Bu beş adamın akıl hocaları, Oxford Üniversitesi profesörlerinden John Ruskin. 1877’de “Yuvarlak Masa” adındaki gizli cemiyeti kuruyorlar. Amaçları: İngilizce konuşan dünyayı bir oligarşik federasyon halinde birleştirmek. Büyük Britanya İmparatorluğu’nu siyasi, ekonomik ve kültürel olarak yeniden yapılandırmak suretiyle, oligarşik dünya federasyonuna giden yolu açmak. Otuz yıl sonra, 1908 yılına gelindiğinde, ‘Yuvarlak Masa’yı çokuluslu, Anglo–sever bir yarı açık cemiyet olarak görüyoruz.
Bilderberg Grubu, 1954’te Avrupalı Rothschild hanedanı öncülüğünde kuruluyor, Amerikalı rakibi, Rockefeller hanedanı tarafından destekleniyor, ev sahipliğini eski SS–Nazi Hollanda Kralı Bernhard yapıyor. “Bilderberg” kralın sahip olduğu otelin adı. Bilderberg’ciler, 1954’ten itibaren her yıl dünyanın değişik şehirlerinde toplanıyorlar.

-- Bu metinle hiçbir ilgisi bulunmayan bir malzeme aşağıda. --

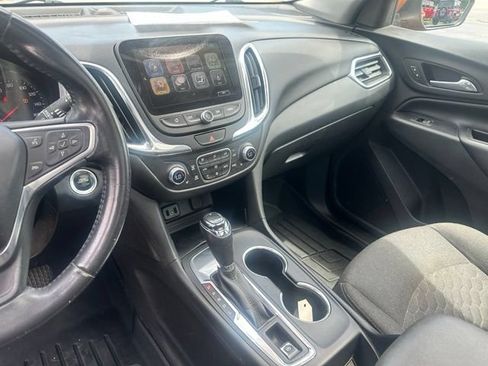 Used 2018 Chevrolet Equinox LT w/ Sun & Infotainment Package FWD image 23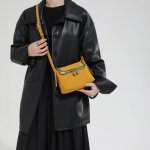 方型バッグ レディース 2way 斜めがけバッグ ミニサイズ チェーンショルダー ロック式留め具 通勤 日常使い（1ヶ）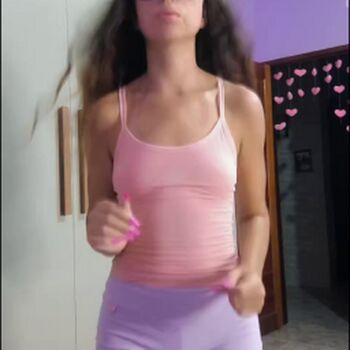 Full leaked Mari private photo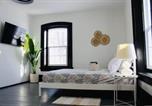 Location vacances London - Charming Farmhouse Meets Modern Living-2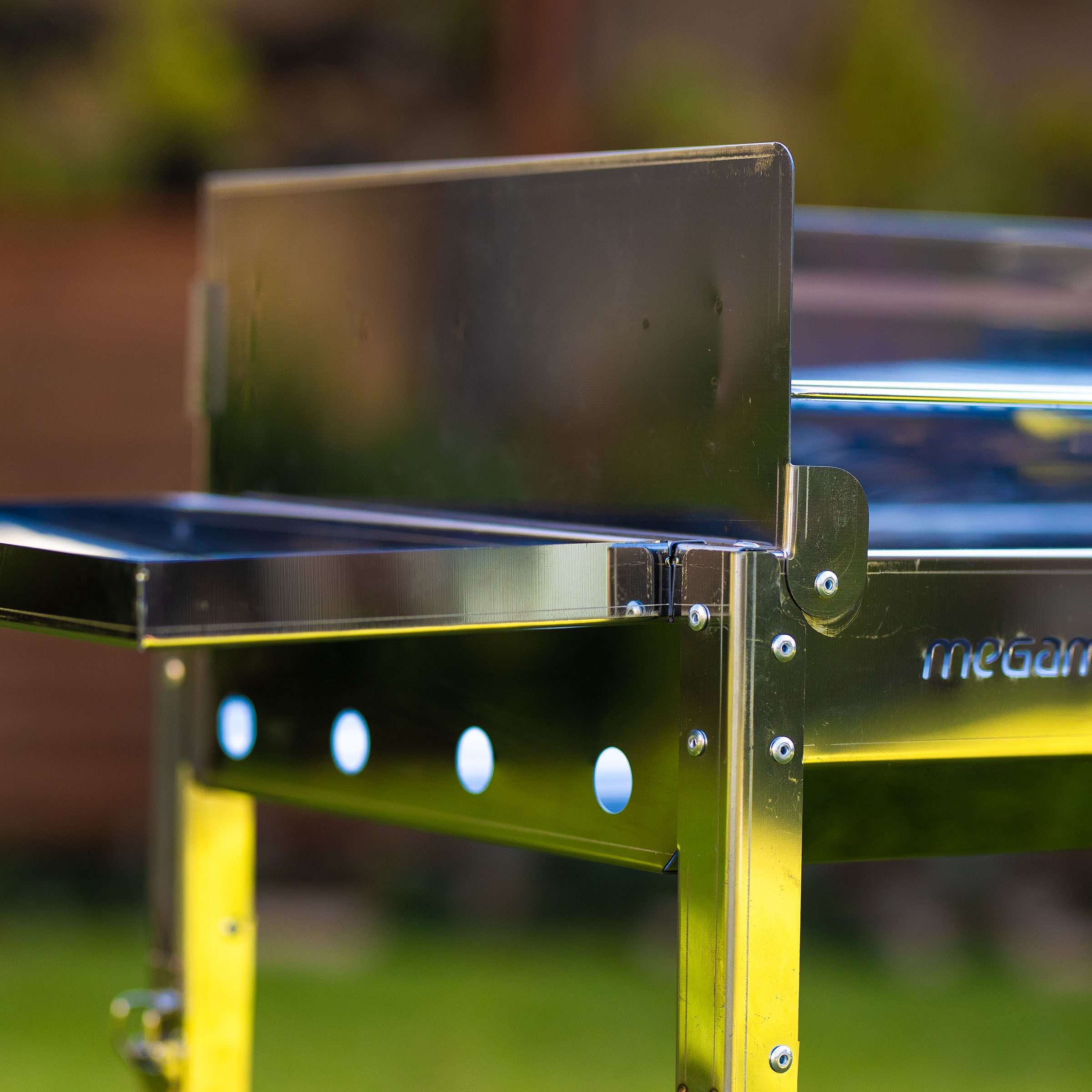 Explorer Portable Charcoal Braai | Megamaster
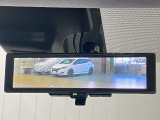【インテリジェント ルームミラー】車両後方のカメラ映像をミラー面に映し出すので、車内の状況や、天候などに影響されずいつでもクリアな後方視界が得られます!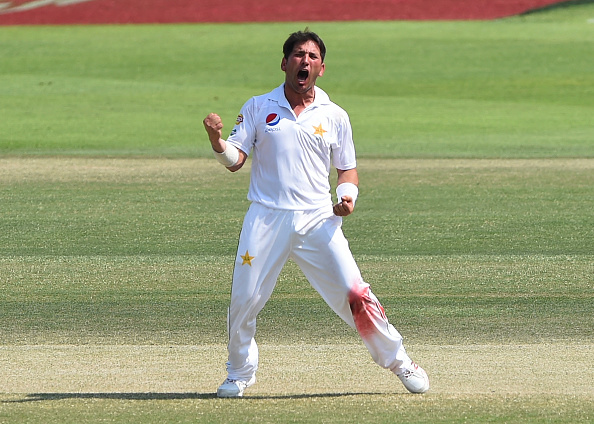 VIDEO | Yasir Shah left angry as Sohail Khan throws the ball at him to grab his attention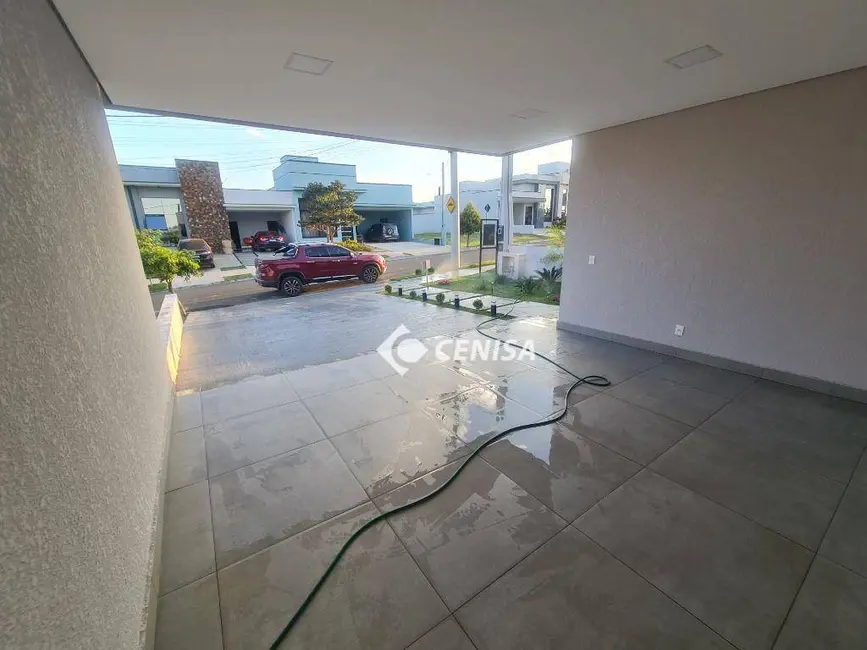 Foto 3 de Casa de Condomínio com 3 quartos à venda, 300m2 em Indaiatuba - SP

Gündem gizli, katılanlar gizli, meğer ki patron olsunlar gazeteciler Bilderberg toplantılarına alınmıyorlar. Hatta, ABD ve Avrupa devletlerinin gizli teşkilatları, toplantıların yapıldıkları otellere gazetecileri sokmamak için olağanüstü önlemler alıyorlar. İçeri sızmayı başarabilen birkaç muhabirin feci şekilde tartaklandığı, tutuklandığı biliniyor.
Bilderberg’cilerin amaçlarının dünyayı sıkıca koordine edilmiş küçük, seçkin bir uluslar–ötesi bankerler ve sanayicilerden oluşmuş, entelijensiya destekli oligarşinin eline teslim etmek olduğu söyleniyor. Avrupa Birliği’nin Avrupa kıtası için yaptığını dünya için yapmak ve bir Dünya Devleti kurmak istiyorlar. David Rockefeller’in farklı zamanlarda farklı yerlerde (bu arada 1999 yılı Şubat’ında Newsweek International dergisine verdiği bir mülâkatta) “Hükümetlerin yerini alacak birileri olmalı ve bana öyle görünüyor ki, bunu da en iyi şirketler yaparlar...” demekten çekinmemiş olmasına işaret ediliyor ve yaygın söylemin aksine karşı çıkılmadığı takdirde önümüzdeki asırlarda dünyanın “yeni feodal lordlar”ın boyunduruğu altına gireceği hakkında uyarı yapılıyor. Uyaranlar, Yeni Dünya Düzeni muhalifleri.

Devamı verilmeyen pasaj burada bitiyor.